It's a crime almost every manager has committed. And the penalty can be that you lose influence with your team.
Call it "iPhone listening."
You've been there--you're allegedly listening to someone, but what you're really doing is scrolling through your smartphone, checking your e-mail or the latest Tweets.
Sometimes you're not even looking at your mobile device, you just have it in your hand. But the message you're sending out is deadly: this phone is more important than you are.
The fact is, listening is a highly underrated management tool. Money talks, but silence can be golden. So listen up and learn to listen the right way.

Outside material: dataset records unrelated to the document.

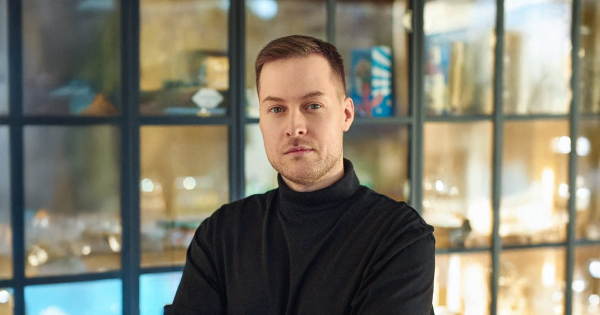 Головна 16 Рогальський: monobank, фінтех в Нігерії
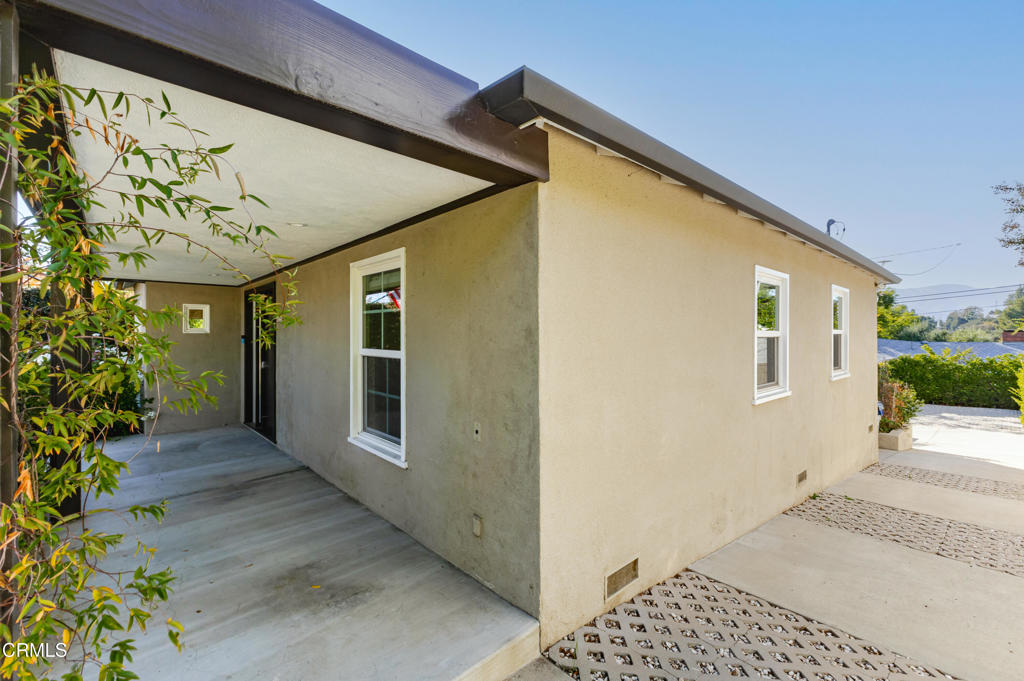 4531 El Camino Corto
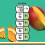 Sparkling Ice Orange Mango Flavored Sparkling Water  Contains Vitamins Only 4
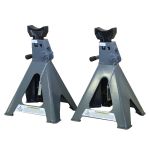 Подставки под авто 6 тонн KraftWell KRWJS6L, 2шт.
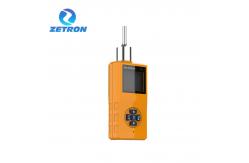 China Ip66 Ms100-P Toxic And Harmful Gas Detector Plastic In Chemical Industry supplier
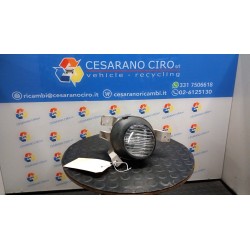 PROIETTORE FENDINEBBIA DX. 115 OPEL AGILA (H00) (04/00-09/04) Z12XE 93180862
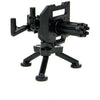 Minifig M134 Minigun and Tripod - Heavy Weapon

That's the focus of a recent story in the Harvard Business Review by Twitter's head of Global Learning and Organizational Development, Melissa Daimler.
Daimler writes that listening can be tough to master, but it "creates an environment of safety when done well." You know what doesn't create an environment of safety? Yelling. That's what some managers do - watch how some CEOs say it's okay to yell in this Radiate video.
Daimler has found that by listening closely to her team members, she finds that they often come up with ideas she hadn't thought of. Daimler came up with three ways to make yourself a better listener:
1. Ask more questions: Make sure you know what a colleague is really asking for.
2. Create space in your day: Shrink the number of meetings so that when you talk with someone, you can spend more time listening. "When I strategically create space on my calendar to reflect on a conversation and prepare for the net one, " Daimler writes, "I can be more present for others."
3. Look people in the eye: Personal attention always works.
Bernard Ferrari wrote "Power Listening: Mastering the Most Critical Business Skill of All." He says that most people focus on ways to communicate their own ideas effectively. By ignoring the other half of the equation--listening--they end up with missed opportunities.
So stick the iPhone in your pocket. And lead by listening.